A prayer for mercy in time of illness, when friends betray and enemies attack.
st. 1 = vv. 1-3
st. 2 =vv. 4-9
st. 3 =vv. 10-13
As in Psalms 38 and 39, the psalmist prays for God's mercy and restoration in a time of illness, which he views as discipline for his sins. The psalmist's enemies seize the occasion to publicly discredit him. Even his "close friend" (v. 9) turns against him. Apparently betrayal was not rare in ancient Israel. Jesus himself experienced profound betrayal by Judas at a time when Jesus seemed powerless before the growing opposition of Jewish religious leaders. This psalm expresses our confidence that the LORD delivers the godly from illness and from the attack of enemies (st. 1).
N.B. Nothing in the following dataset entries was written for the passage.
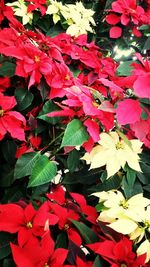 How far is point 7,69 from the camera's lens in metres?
0.98

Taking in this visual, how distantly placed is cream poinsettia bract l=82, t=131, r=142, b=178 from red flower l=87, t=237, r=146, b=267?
0.55ft

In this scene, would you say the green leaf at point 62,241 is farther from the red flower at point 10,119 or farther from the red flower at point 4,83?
the red flower at point 4,83

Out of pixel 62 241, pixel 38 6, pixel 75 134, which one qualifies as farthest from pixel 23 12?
pixel 62 241

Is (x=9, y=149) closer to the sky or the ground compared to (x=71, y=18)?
closer to the ground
In it we appeal for God's mercy in the face of our enemies' gloating and a friend's betrayal (st. 2) and pray that God will restore us and undo the slander of our enemies (st. 3). Bert Polman (PHH 37) versified this psalm in 1985 for the Psalter Hymnal, borrowing the opening lines from the paraphrase in the 1912 Psalter.
Suitable as a confession of sin, but also appropriate during illness or other distress occasioning slander or the alienation of friends. Because Jesus experienced a close parallel in the betrayal by Judas, this psalm is also fitting for Holy Week.